Lately, I’ve noticed that people talk more and more about ROI. Yet, if I ask them how they measure it, or what their criteria is for a good return on investment, not everyone can provide a clear answer. ROI is becoming a bit of a buzz word used to advance an idea or to shut one down. That would be appropriate if there is clear alignment in the organization on how it is measured, and on what defines “good”. It is not fine when people use the term as a justification for their position without actual data. The reality is, there can be cases where the ROI is good for one team, but bad for another. The key is to decide based on what is best for the company overall, preferably with the long run in mind. Let’s start with the investment part of the equation, which is commonly considered in terms of time and money.
Money Investments
Monetary investments appear to be straightforward. Yet, there are often ancillary costs that need to be considered. For example, people are usually clear on the dollar value of their inventory in a product-based business. They may get a bit fuzzy if you start drilling down into the costs associated with carrying inventory, such as warehousing costs, personnel, tracking, etc. Then there is the opportunity cost of having that money tied up in inventory. The profit from other opportunities you couldn’t take advantage of. Or perhaps you could have paid off a credit line, or driven additional sales via marketing, or simply had the money earning interest. Of course, you need to have inventory in a product-based business. If someone is ready to make a purchase and your product is out of stock, they will purchase something else and you will not recover that sale. I’m simply pointing out that the monetary investments are not always as simple as they seem.
Time Investments
Time investments can be even harder to quantify. There may be many people working on an initiative. It can be tempting to reduce employee time to overhead and discount it entirely, yet those people could have been doing other productive things. Therefore, this is another type of opportunity cost. If there was travel involved, there is the travel time, cost of travel, and the productivity impact on the employee.
The Big Picture On The Investment Side Of ROI
Clearly, it is not always necessary to analyze and consider every little expense. In fact, the opportunity cost of such an exercise may exceed the return (ironic, isn’t it?). The point is, approximating the true cost of an investment, in terms of time, money and opportunity, may take a bit of thought.
Measures of Return
The same holds true on the return side of an ROI equation. Return can also be measured in terms of time, money, and opportunity.
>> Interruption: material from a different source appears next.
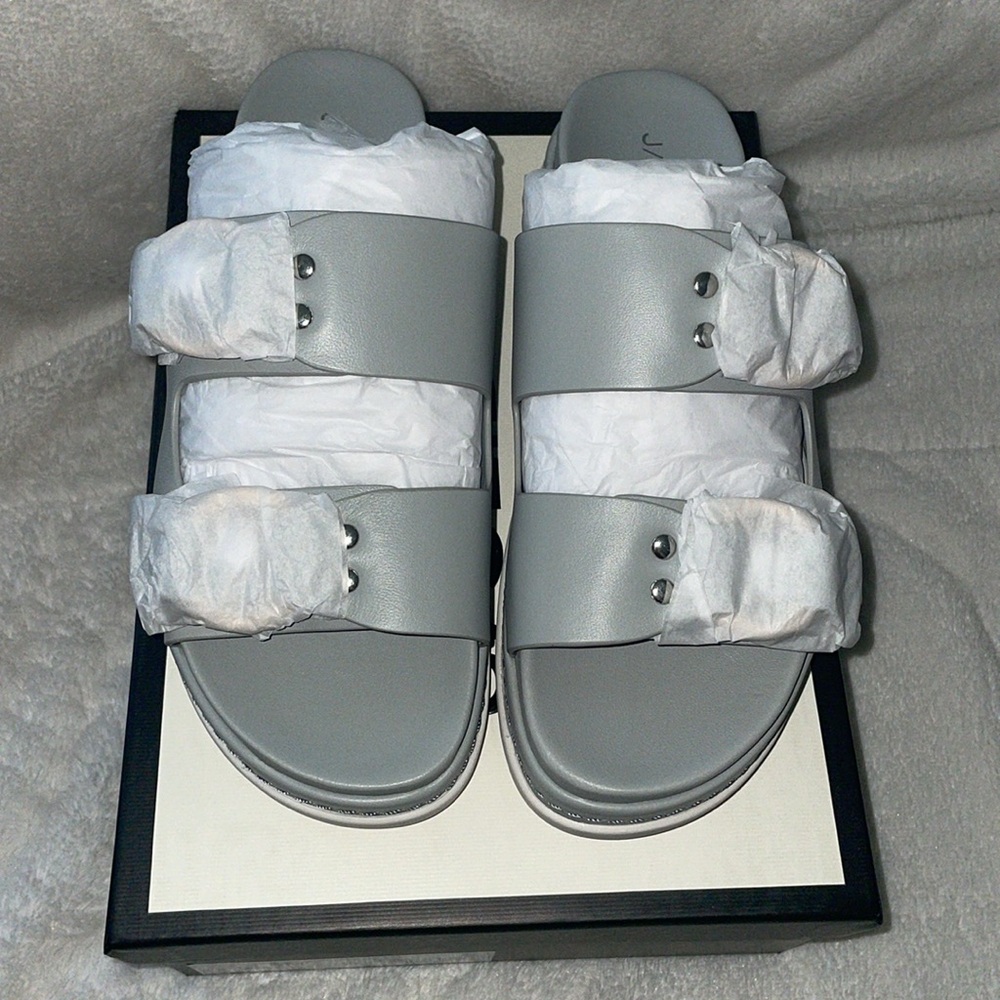 NWT J/SLIDES BAHA Light Grey Leather Sandal - Picture 7 of 14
I would also agree that unaided awareness and social engagement are forms of ROI since brand equity can appear on a balance sheet in the form of “goodwill”, but I draw the in at “likes” and “followers” because it is far too easy to generate plenty of both from people who have no interest in what you do and will never become a customer.
Monetary Returns
The most common approach for measuring ROI is income returned per investment dollar (the time involved can be converted to dollars based on salaries, interest rates, etc.). With this measure, I prefer to see a minimum of a 5:1 return on investment. Personally, I prefer to look at marginal profit dollars returned per investment dollar because it encompasses more business factors than income. The complexity also makes it more difficult to provide a simple rule of thumb for a target ROI. This is because it depends on the maturity of your business, or the subset of your business you are investing in. If you have not yet reached the Break Even Point (BEP) and the additional volume will help get you there, you might be OK with a zero return if it gets you to BEP. However, when I am beyond BEP there needs to be at least a 20% return in marginal profit dollars, and I’ll push it high as I can.
Productivity Returns
As you know, many worthwhile investments do not initially generate revenue or profit. They may generate productivity. This more efficient use of time will increase profit, it just does so over time. You don’t get to put it all in the bank right away. It will add up, sometimes little by little, yet make a big difference in the long run.
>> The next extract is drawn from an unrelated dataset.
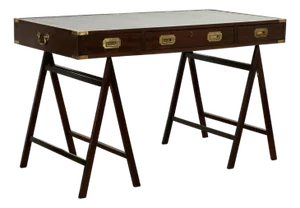 Antique British Colonial Campaign Sawhorse Desk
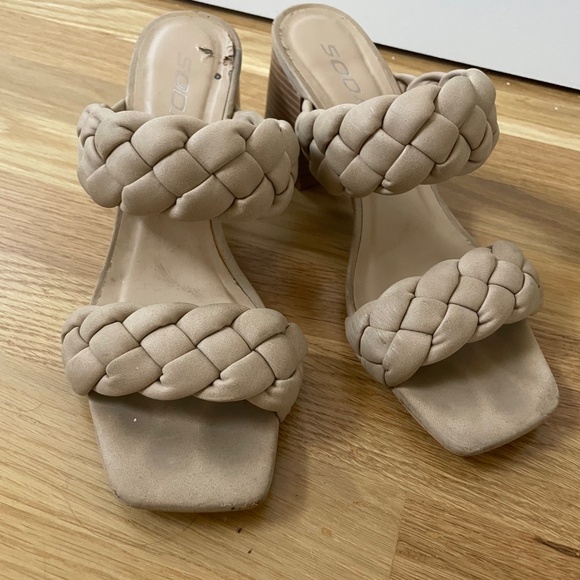 Tan Braided Block Heels - Picture 4 of 4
The ability to “scale” can be another great return on investment. This means the ability to grow quickly, without adding a proportionate amount of additional overhead (people, equipment, etc.). If you build your business properly in The Entrepreneur Economy, your profitability may grow at double the rate, or perhaps even exponentially, in proportion to sales. If your business is not built to “scale”, I strongly recommend evolving quickly.
The Holy Grail Of ROI
The best return on investment you could possibly make is one that provides you with sustainable competitive advantage. “A wide and deep moat”, as Warren Buffet would describe it. Something that makes you better than your competitors, and cannot be copied, or has become too expensive to copy. Often this takes the form of Intellectual Property, but it could be a trade secret, a system, infrastructure, etc. What would it be worth to you to ensure your business had the best of something for 5, 10 or 20 years? As you can imagine, the return on an investment in innovation which delivers sustainable competitive advantage is nearly infinite.
May all of your ROIs be high.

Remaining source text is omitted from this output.